Creating one index on each column will not do nearly so much filtering
as creating one index that contains both columns (unless by chance the
data always comes in pairs).  The only time that there might be an
advantage is if your query contains only one of the two columns for
filtering.  If the missing column is the most significant from a two
column index, then the two column index won't be used.

> I am guessing that changes to the table are slower with two indexes.
How
> could it affect queries?

It will slow down update queries.  The more indexes you add, the slower
update queries become.

> What if the typical query pattern was more balanced among constraints
on
> one
> column, on the other, and on both?

Collect some statistics to reduce guesswork.

Re: optimisation for a table with frequently used query

From
danmcb
Date:
I just did some checks on two seperate indexes c.f. one combined one.
I saw almost no difference between making select statements.

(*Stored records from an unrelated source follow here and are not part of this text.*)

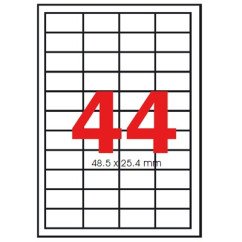 Etikečių lipdukai Multi3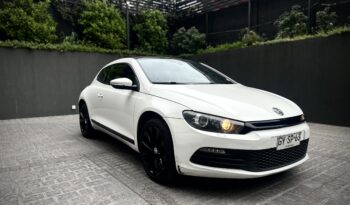 Volkswagen Scirocco Tempesta 2015 lleno
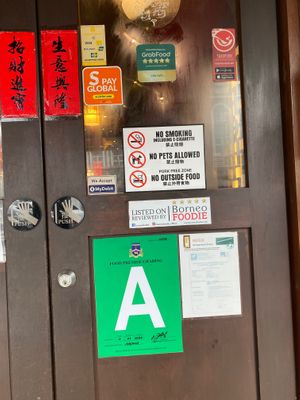  at Life Cafe @ Padungan in Kuching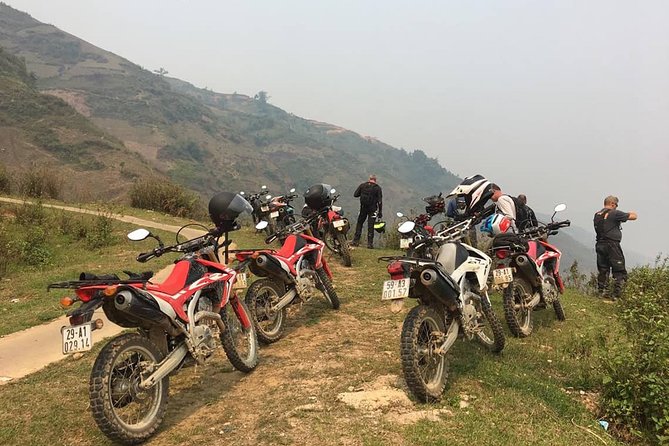 Ha Giang Dirt Bike - off Road 4 Days Private Room - Small Group - Terms and Conditions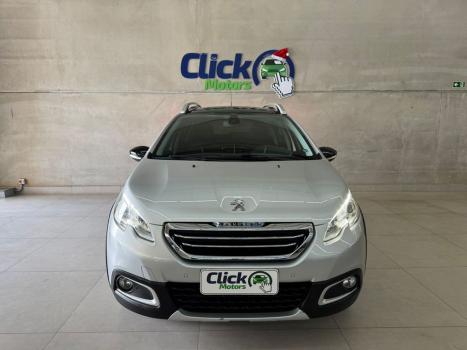 PEUGEOT 2008 1.6 16V 4P FLEX CROSSWAY AUTOM�TICO, Foto 8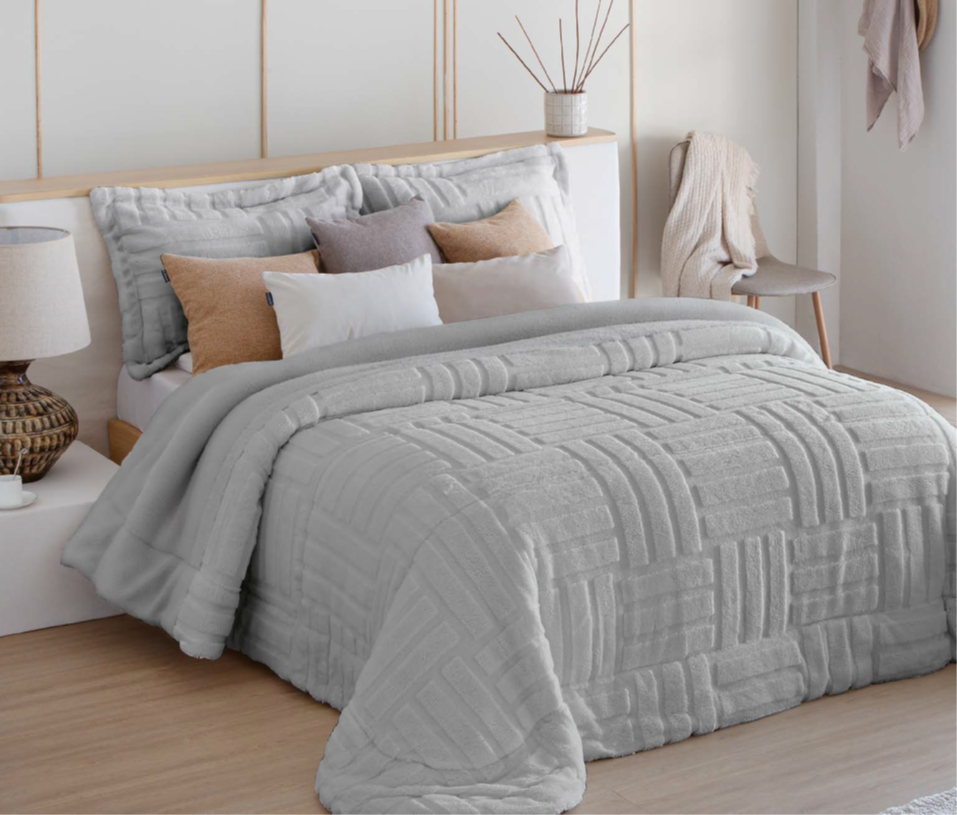 Edredón Sherpa Adrien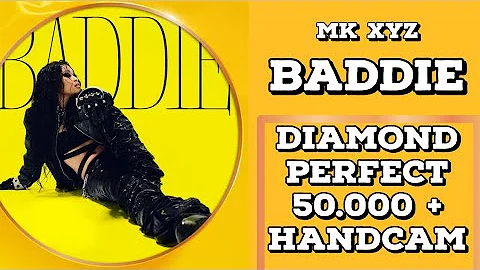 [Beatstar] "Baddie" - MK xyz (Normal) // ALL PERFECT ~ 50.000 + HANDCAM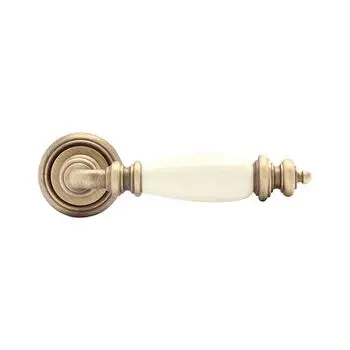 ARCHIS MORTISE HANDLE SIENA 3 ROSE AB ARCHIS | Model: SIENA 3 ROSE AB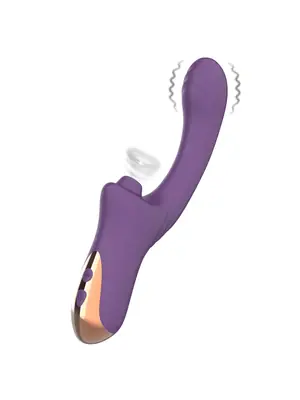 Multifunkčné vibrátory - BASIC X Magic Wand vibrátor - BSC00497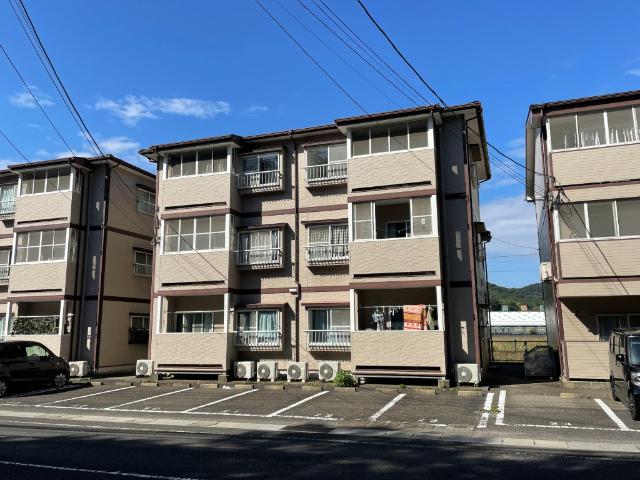ファーストインハピネス（C210） 外観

Haven't tried what happens with many updates - makes sense that more
indexes will slow that down though.

again thanks - bit of a noob question I know, but it's good to
learn :-)



Re: optimisation for a table with frequently used query

From
PFC
Date:
> again thanks - bit of a noob question I know, but it's good to
> learn :-)

    Well not really since the answer is quite subtle...

    You kave two columns A and B.
    Say you have index on A, and index on B.
    These queries will make direct use of the index :
    A=... or any range on A (BETWEEN <, >, <=, >= etc )
    B=... or any range on B (BETWEEN <, >, <=, >= etc )

    Now if you ask for (A=... AND B=...) or ask for (A=... OR B=...) one
index cannot be used, so postgres uses a bitmap scan to combine the
indexes (read the docs). It is slightly slower than a direct index scan,
but still much faster than not using indexes at all.
    If you had an index on A,B it would have been used directly.

    If one of the two indexes has very poor selectivity (like just a few
different values), bitmap scan will not be optimal. If your indexes have
lots of different values, it will be about as fast as a real index.

    An index on A,B can also do WHERE A=... ORDER BY A,B without actually
doing the sort (it will pick the rows in index order), which is nice for
many things, like getting blog comments in order.